MAURYA-SUNGA 270-175~150 BC punchmarked karshapana
$20.00
MAURYA-SUNGA, time of Ashoka and successors, 270-175~150 BC, punchmarked karshapana, Obverse: five marks, Reverse: one mark, rectangular, silver, 13x16mm, 3.13g, series VIb, GH574, F
1 in stock
Description
Mauryan karshapanas used a system of applying 5 punches on one side of the coin, and 1 or 2 marks on the other side. There are also banker test marks. The catalog we use here is Ancient Silver Punchmarked Coins of the Magadha-Maurya Karshapana Series, by P.L. Gupta and T. R. Hardaker.
Bureaucratic governing systems emerged when people who didn’t know each other personally were interacting in ways other than war. Coins were developed to keep track of the mutual satisfaction factor in trades. In northern India bureaucratic governments emerged before the 6th century BC. They were family based. Families of a certain size we like to term “tribal.” In northen India the earliest “tribal” states are called “janapada.”
In 187 BC Pushyamitra Sunga usurped the Mauryan throne.
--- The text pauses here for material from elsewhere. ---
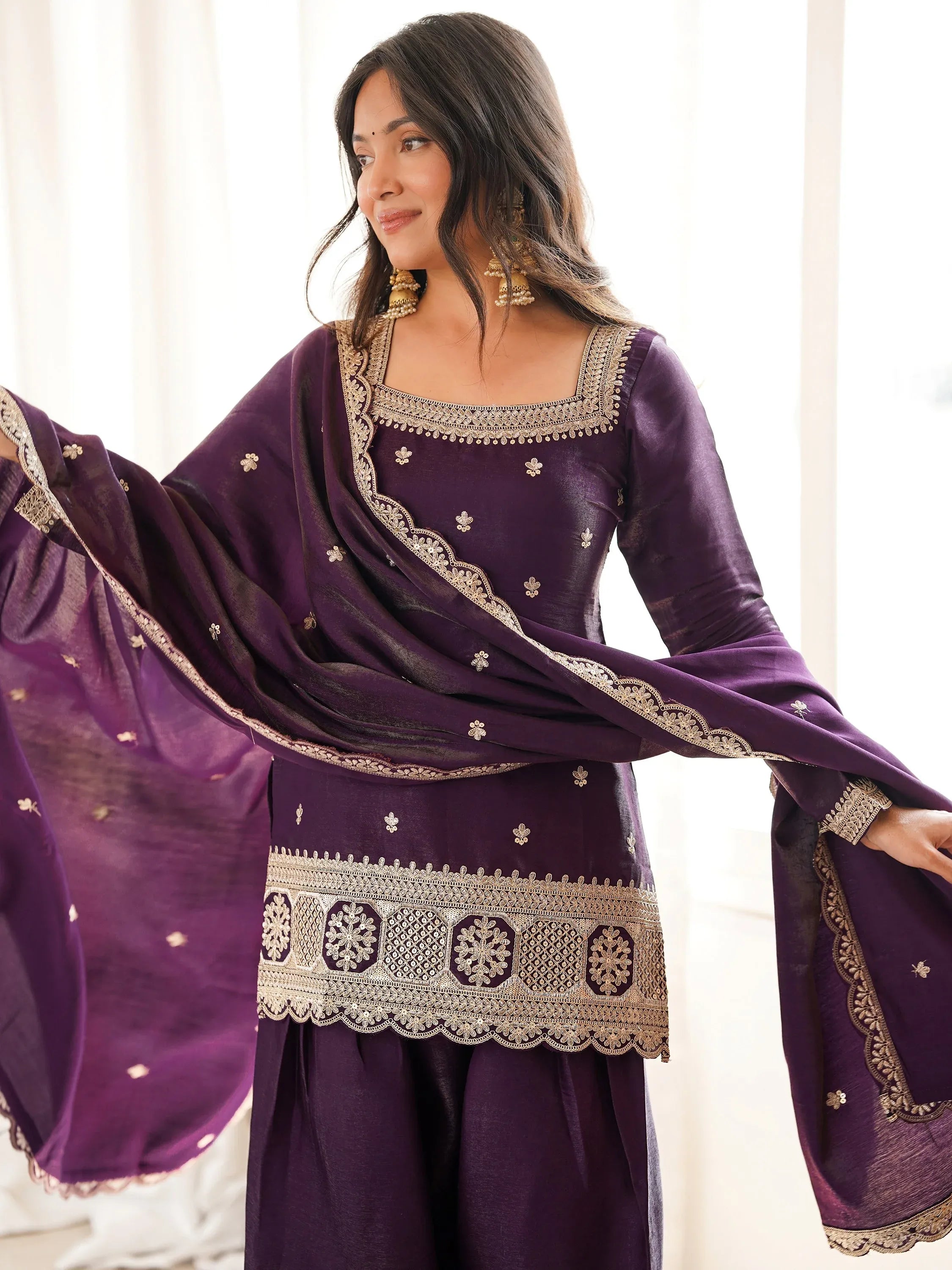 Stunning Purple Dori Embroidered Silk Marriage Wear Salwar Suit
At that point in time the Empire had shrunk most of the way back to Magadha, from which it had sprung.
The earliest ancient Indian coins were the “bent bar” punchmarked silvers of the Achaemenid Persians occupying Gandhara in northwest Pakistan. By the 3rd century BC coins were in general use in most of India and Ceylon, and in subsequent centuries struck round coins in gold, silver, and copper came into use throughout the subcontinent and beyond to Southeast Asia and Pacific islands to Java and beyond.